Para quien no sepa de boxeo, es posible que encuentre este deporte agresivo y siniestro. Como una tragedia griega o cualquier lucha sin reglas entre bárbaros cuando, realmente, es todo lo contrario. El boxeo olímpico respira tradición y limpieza. Clase y velocidad. Contacto y elegancia. El noble arte huele a épica desde lejos.
Concretamente en esta modalidad, los Juegos Olímpicos han dejado grandes campeones como Cassius Clay en Roma en 1960 o Sugar Ray Leonard en Montreal en 1976, ambos con historias personales y carreras profesionales que les han llevado al Olimpo y a la memoria del aficionado.
Con “El profeta” pasa lo mismo. Un tipo que huyó de Cuba y que vino a España a ganarse la vida a base de palos.
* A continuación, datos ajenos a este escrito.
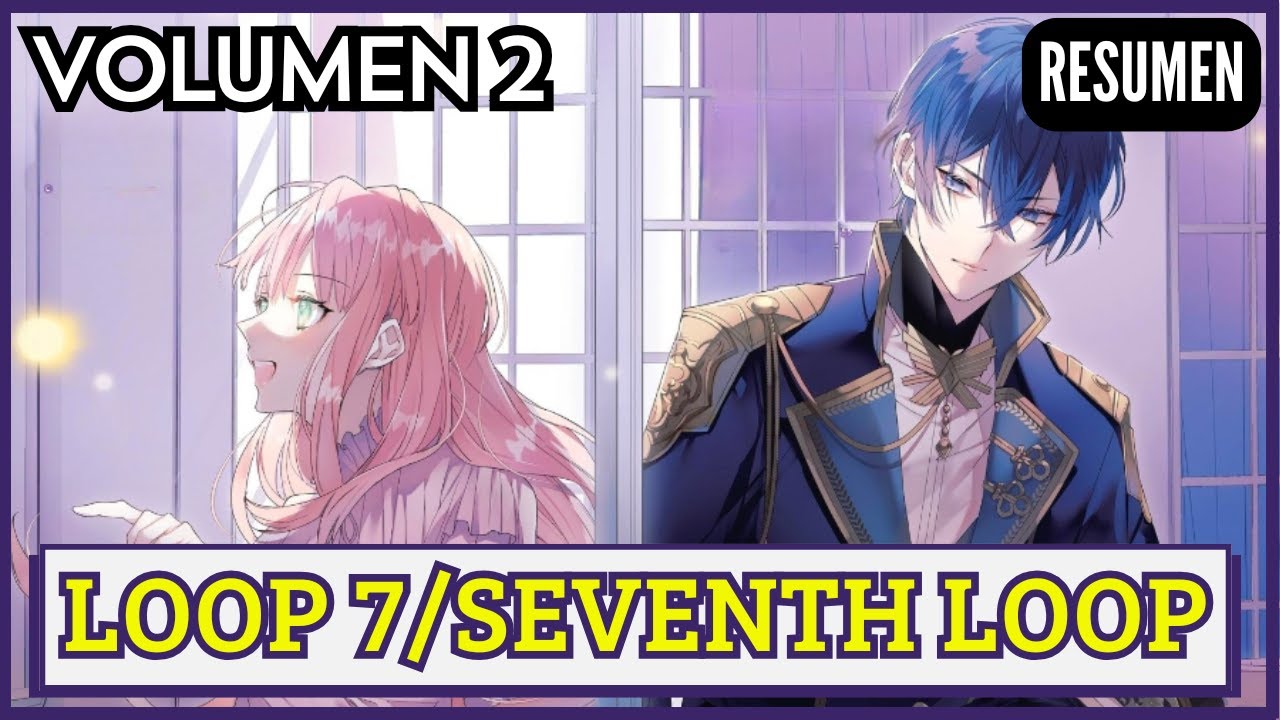 ⏳🌺 LOOP 7 | VOLUMEN 2 | RESUMEN Y ANALISIS | LOOP 7 KAIME NO AKUYAKU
Uno de esos gladiadores que, en vez de cargar toda su rabia contra los demás y ser un tipo serio y oscuro, boxea como los ángeles con una sonrisa en la cara.
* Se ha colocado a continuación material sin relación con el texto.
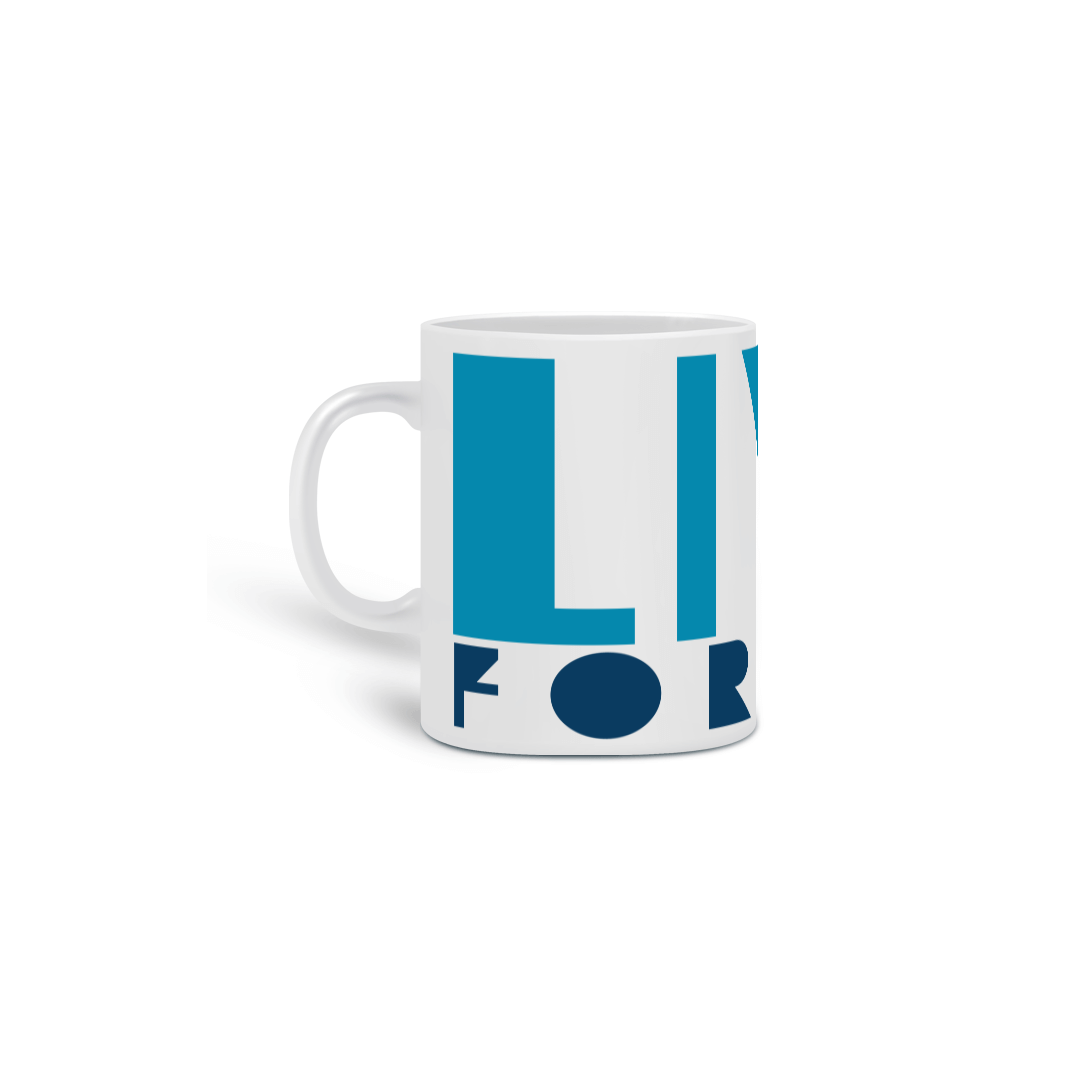 Caneca - Live Forever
Uno ve a Reyes Pla moverse en un cuadrilátero y podría llegar a plantearse si es más un bailarín profesional que un boxeador. Con 92 kilos, Emmanuel se mueve como una pluma, esquiva con las manos bajas y contragolpea como los mejores.
En Tokio se quedó a las puertas de conseguir medalla, en París, asegura que le arrancará la cabeza a quien se ponga delante de su objetivo.
Cada uno tiene su deporte olímpico favorito, su atleta preferido. En casa somos soldados de Emmanuel Reyes Pla. Con la derecha que tiene como para no serlo, la verdad.